When:
Thursday, April 20, 2017
6:00 PM - 7:30 PM CT
Where: Bookends & Beginnings , 1712 Sherman Avenue, Alley 1, Evanston, IL 60201
Audience: Faculty/Staff - Student - Public - Post Docs/Docs - Graduate Students
Cost: Free and open to the public
Contact:
Alex Michael Hobson
Group: Global Humanities Initiative (Buffett Institute)
Category: Lectures & Meetings
Join us at Evanston's Bookends & Beginnings for a discussion and reading with professors Michael Emmerich and Phyllis Lyons.

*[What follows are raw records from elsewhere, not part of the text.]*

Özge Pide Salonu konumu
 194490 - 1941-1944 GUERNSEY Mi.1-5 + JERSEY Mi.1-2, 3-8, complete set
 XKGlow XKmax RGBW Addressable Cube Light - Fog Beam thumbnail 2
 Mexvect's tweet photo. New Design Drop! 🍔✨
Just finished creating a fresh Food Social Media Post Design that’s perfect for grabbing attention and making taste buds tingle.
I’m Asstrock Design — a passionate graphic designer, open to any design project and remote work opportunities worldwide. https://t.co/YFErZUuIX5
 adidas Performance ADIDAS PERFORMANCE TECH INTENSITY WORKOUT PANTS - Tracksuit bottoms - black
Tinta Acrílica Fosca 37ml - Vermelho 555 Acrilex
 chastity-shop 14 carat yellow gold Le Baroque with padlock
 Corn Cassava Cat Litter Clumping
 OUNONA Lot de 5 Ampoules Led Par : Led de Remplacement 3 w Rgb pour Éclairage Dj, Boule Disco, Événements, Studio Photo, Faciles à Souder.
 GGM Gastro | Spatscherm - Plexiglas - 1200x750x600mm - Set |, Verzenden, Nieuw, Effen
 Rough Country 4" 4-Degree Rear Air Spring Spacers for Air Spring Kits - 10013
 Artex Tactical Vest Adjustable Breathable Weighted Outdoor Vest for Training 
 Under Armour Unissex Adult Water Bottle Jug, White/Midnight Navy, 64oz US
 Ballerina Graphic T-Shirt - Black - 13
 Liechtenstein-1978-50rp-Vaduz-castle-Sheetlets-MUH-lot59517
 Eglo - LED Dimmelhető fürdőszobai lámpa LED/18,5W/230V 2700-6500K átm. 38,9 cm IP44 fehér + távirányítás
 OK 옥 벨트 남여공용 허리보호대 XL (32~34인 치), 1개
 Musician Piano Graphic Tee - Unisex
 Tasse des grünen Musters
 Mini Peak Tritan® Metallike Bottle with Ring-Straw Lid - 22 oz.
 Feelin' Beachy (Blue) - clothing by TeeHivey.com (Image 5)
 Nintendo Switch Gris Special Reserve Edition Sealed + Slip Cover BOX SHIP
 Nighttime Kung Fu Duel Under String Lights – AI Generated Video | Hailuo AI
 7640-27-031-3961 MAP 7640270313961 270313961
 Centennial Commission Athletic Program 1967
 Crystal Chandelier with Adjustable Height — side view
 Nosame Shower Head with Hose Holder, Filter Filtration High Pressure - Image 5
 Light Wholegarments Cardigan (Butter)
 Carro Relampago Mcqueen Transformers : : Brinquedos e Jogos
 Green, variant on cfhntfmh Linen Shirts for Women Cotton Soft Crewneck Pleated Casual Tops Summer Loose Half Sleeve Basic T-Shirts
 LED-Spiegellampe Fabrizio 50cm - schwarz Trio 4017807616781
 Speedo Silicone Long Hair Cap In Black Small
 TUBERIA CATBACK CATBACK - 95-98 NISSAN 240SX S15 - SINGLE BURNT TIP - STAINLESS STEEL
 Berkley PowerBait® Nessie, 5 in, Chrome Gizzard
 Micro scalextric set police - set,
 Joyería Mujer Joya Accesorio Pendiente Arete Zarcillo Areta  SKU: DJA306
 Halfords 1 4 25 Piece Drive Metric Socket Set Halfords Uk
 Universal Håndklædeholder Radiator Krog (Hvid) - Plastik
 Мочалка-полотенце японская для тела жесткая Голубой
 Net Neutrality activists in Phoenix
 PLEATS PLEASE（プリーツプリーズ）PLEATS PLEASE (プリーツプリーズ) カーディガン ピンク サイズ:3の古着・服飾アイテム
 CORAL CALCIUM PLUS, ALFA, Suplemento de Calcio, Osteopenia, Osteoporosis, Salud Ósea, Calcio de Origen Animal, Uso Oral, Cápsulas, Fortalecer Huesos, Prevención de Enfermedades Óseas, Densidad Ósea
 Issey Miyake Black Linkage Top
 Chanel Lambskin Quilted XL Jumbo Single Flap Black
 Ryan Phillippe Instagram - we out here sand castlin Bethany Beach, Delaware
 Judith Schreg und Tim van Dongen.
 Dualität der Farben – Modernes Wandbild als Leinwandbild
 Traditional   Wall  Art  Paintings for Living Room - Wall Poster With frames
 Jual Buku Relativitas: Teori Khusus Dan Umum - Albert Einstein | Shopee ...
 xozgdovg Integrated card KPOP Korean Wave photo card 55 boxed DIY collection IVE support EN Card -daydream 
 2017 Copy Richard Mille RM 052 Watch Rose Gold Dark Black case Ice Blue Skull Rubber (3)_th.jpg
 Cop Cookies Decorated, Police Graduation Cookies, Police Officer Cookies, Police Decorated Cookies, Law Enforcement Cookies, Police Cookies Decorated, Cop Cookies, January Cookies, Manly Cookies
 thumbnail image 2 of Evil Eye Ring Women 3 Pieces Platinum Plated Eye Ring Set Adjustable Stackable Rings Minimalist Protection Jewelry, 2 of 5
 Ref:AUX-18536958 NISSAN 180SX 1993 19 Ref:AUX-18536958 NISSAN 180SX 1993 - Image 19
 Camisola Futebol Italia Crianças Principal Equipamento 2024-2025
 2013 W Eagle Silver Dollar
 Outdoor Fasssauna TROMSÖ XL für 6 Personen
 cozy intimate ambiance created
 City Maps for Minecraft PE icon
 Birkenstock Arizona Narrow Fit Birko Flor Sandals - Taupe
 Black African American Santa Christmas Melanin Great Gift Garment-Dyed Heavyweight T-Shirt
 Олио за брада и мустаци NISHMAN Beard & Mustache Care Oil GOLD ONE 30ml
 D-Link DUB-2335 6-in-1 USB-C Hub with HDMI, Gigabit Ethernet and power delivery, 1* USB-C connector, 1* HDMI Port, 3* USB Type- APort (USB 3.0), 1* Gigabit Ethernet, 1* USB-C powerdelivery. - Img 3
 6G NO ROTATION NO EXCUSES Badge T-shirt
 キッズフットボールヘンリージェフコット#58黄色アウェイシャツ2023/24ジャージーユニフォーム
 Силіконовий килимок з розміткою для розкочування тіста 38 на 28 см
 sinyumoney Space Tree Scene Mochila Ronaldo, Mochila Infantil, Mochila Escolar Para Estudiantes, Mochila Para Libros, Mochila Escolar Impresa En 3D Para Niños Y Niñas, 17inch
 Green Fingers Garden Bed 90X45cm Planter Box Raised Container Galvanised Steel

A professor of Japanese literature at UCLA, Michael Emmerich is the author of The Tale of Genji: Translation, Canonization, and World Literature (Columbia University Press, 2013) examines the role that translations of Genji monogatari (The Tale of Genji) into early-modern and modern Japanese, and into English and other languages, have played in creating images of the tale over the past two centuries—reinventing it as a classic of both national and world literature. He is currently working on a project that explores the concept of “translation” as it relates to Japan and to various forms of the Japanese language. He is the author of more than a dozen book-length translations of works by writers such as Kawabata Yasunari, Yoshimoto Banana, Takahashi Gen’ichirō, Akasaka Mari, Yamada Taichi, Matsuura Rieko, Kawakami Hiromi, Furukawa Hideo, and Inoue Yasushi.
Phyllis Lyons is a Professor Emeritus of the Department of Asian Languages and Cultures at Northwestern University. Lyons' area of specialization is modern Japanese fiction; she has published a study of the novelist Dazai Osamu (1909-1948), and is currently translating short novels by Tanizaki Jun'ichirù (1886-1965).